To play devil's advocate, why have a meta-care about the race if you will not be around to witness it? It's like planning your own funeral--you'll never know how it turned out. The whole game of evolution is a greedy contest of self-interest--why approach it selflessly with concerns about "the race?"
Normally, from instance to instance, each of us ceases to exist. A new person, under an illusion of being a "continuous" person and not merely one one in a sequence of related instantaneous persons, takes the place of the old person. And so it goes, from instance to instance. An instant from any given instance, the you of that instance will not exist. So why bother planning for those instances of you (who might remember being you, but are not you) that will exist (in their respective instances)?

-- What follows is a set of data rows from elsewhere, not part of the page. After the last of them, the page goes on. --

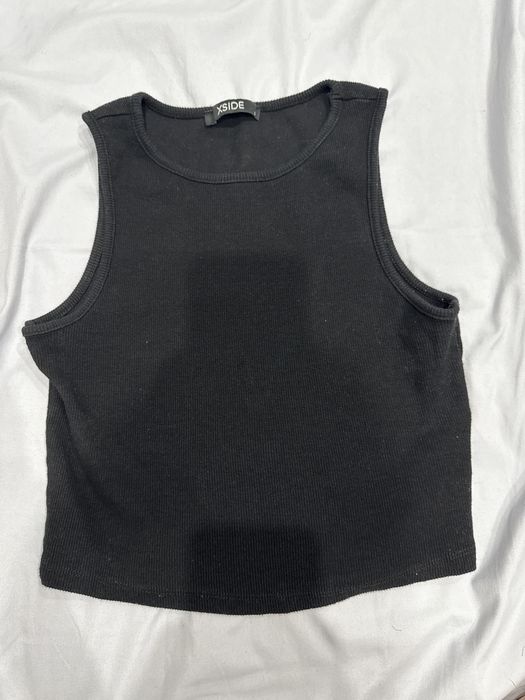 Укороченный черный топ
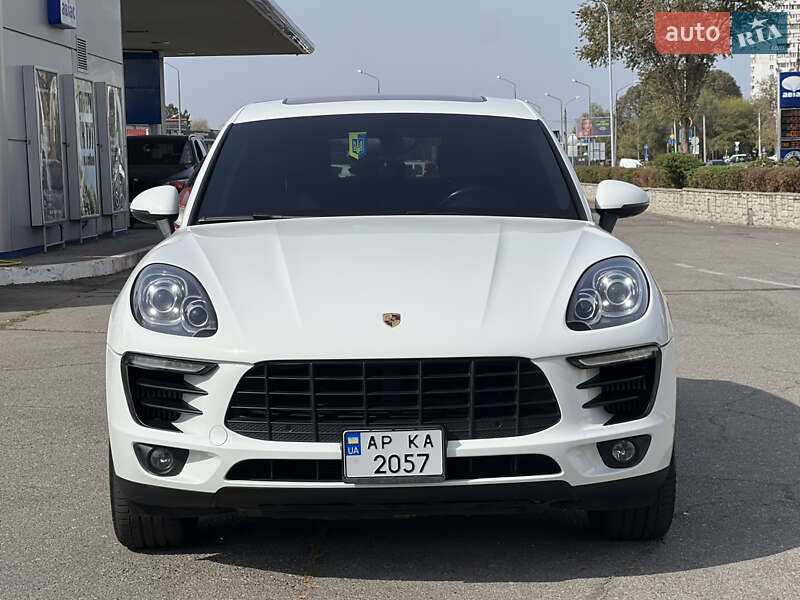 Внедорожник / Кроссовер Porsche Macan 2015 в Запорожье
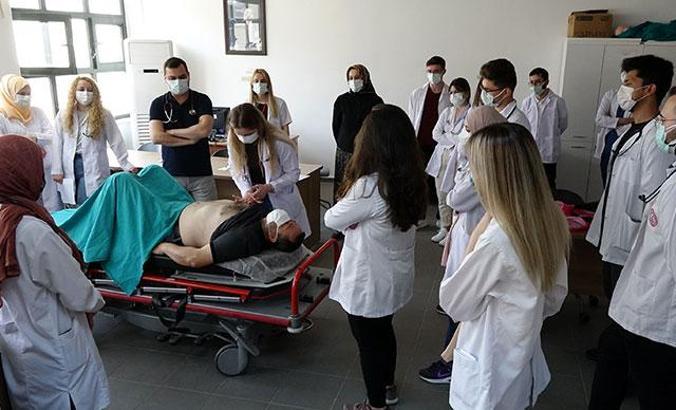 Doktor adaylarına ‘rol’ yapan hastalarla eğitim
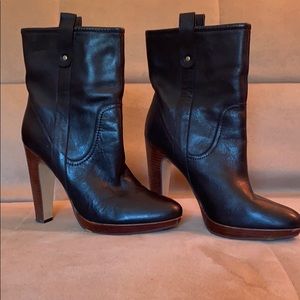Nine West Leather booties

That you that were you when "you" began reading this, is not the you that is you now. That former you left you his memories, but he cannot experience what you are experiencing now. So, why did he bother leaving any memories for you at all? Such bothering should have been pointless from his point of view, now that he is extinct. Yes? (...Unless he were under the illusion that he would somehow still exist, rather than the more-likely scenario of merely some creature like him, i.e. you, existing in his stead and who might be under the illusion that he is the same person as the person who kindly left the memories, the physical possessions, the bank account, the bodily health, etc.)
someone with a materialistic view of the world might also see the disintegration of a given corpus as the killing of a human being. The reassembled human might be considered a different sentience with the same memories as the original, as could be easily proved by constructing not just one, but several copies of the original and interrogating each as to the perceived uniqueness of each. Each copy constructed using merely descriptive data, but not matter, transmitted from the origin and new matter already at the destination point would consider itself to be the true continuation of the original and yet this could not logically be true; moreover, because each copy constructed via this data-only method would be made of new matter that already existed at the destination, there would be no way, even in principle, of distinguishing the original from the copies.
The problem of personal identity relates to change as applied to people. [...] The question is exactly why we call the old woman in 1998 the same person as that little girl in 1920.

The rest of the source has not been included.